Brief descriptive captions:
▶
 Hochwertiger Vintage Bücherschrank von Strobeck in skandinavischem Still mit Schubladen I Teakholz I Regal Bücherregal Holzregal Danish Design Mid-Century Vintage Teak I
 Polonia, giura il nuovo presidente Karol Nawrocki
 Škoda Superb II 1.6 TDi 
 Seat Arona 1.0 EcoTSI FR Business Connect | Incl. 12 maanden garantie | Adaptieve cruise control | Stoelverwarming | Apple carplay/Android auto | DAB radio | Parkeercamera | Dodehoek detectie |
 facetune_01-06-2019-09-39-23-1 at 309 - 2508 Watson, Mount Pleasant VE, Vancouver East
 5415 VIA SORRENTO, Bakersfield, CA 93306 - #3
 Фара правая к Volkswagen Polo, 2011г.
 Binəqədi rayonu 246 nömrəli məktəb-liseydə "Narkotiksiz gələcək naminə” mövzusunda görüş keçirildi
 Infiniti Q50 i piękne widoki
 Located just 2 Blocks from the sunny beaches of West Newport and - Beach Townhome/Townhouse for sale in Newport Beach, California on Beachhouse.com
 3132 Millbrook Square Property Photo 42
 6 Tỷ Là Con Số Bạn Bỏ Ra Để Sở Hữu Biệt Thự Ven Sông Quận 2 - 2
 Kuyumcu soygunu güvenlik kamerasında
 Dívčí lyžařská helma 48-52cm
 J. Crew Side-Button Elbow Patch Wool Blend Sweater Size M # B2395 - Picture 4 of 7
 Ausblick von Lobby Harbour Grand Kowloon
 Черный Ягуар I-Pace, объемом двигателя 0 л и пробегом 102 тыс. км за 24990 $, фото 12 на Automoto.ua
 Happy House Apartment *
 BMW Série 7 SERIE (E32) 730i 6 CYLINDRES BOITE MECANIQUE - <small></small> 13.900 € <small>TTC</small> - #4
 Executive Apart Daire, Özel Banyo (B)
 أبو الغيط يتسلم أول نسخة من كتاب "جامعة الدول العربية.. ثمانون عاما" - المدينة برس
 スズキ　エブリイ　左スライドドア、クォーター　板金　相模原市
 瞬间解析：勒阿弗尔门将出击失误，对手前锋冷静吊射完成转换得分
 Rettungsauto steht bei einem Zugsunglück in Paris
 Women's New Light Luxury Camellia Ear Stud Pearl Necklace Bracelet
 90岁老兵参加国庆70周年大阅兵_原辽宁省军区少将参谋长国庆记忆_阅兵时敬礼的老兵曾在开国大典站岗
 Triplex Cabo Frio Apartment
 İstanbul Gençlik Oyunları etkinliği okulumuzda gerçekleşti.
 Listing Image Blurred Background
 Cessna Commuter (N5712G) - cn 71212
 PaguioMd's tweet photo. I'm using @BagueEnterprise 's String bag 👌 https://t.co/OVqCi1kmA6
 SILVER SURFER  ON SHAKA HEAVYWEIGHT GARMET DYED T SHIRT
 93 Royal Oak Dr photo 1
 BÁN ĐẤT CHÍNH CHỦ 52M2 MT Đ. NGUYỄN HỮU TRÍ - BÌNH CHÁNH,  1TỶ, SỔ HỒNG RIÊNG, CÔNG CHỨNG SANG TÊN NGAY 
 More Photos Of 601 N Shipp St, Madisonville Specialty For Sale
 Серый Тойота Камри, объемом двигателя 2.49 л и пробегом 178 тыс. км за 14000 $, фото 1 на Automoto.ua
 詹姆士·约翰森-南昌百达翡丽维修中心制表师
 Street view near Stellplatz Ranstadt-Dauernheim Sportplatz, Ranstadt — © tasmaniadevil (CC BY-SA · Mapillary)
◀
- WHAT TO WORK ON
Whenever a line includes the word "фото", pull it out of the entries.

- SOLUTION TO THIS PROBLEM
 Черный Ягуар I-Pace, объемом двигателя 0 л и пробегом 102 тыс. км за 24990 $, фото 12 на Automoto.ua
 Серый Тойота Камри, объемом двигателя 2.49 л и пробегом 178 тыс. км за 14000 $, фото 1 на Automoto.ua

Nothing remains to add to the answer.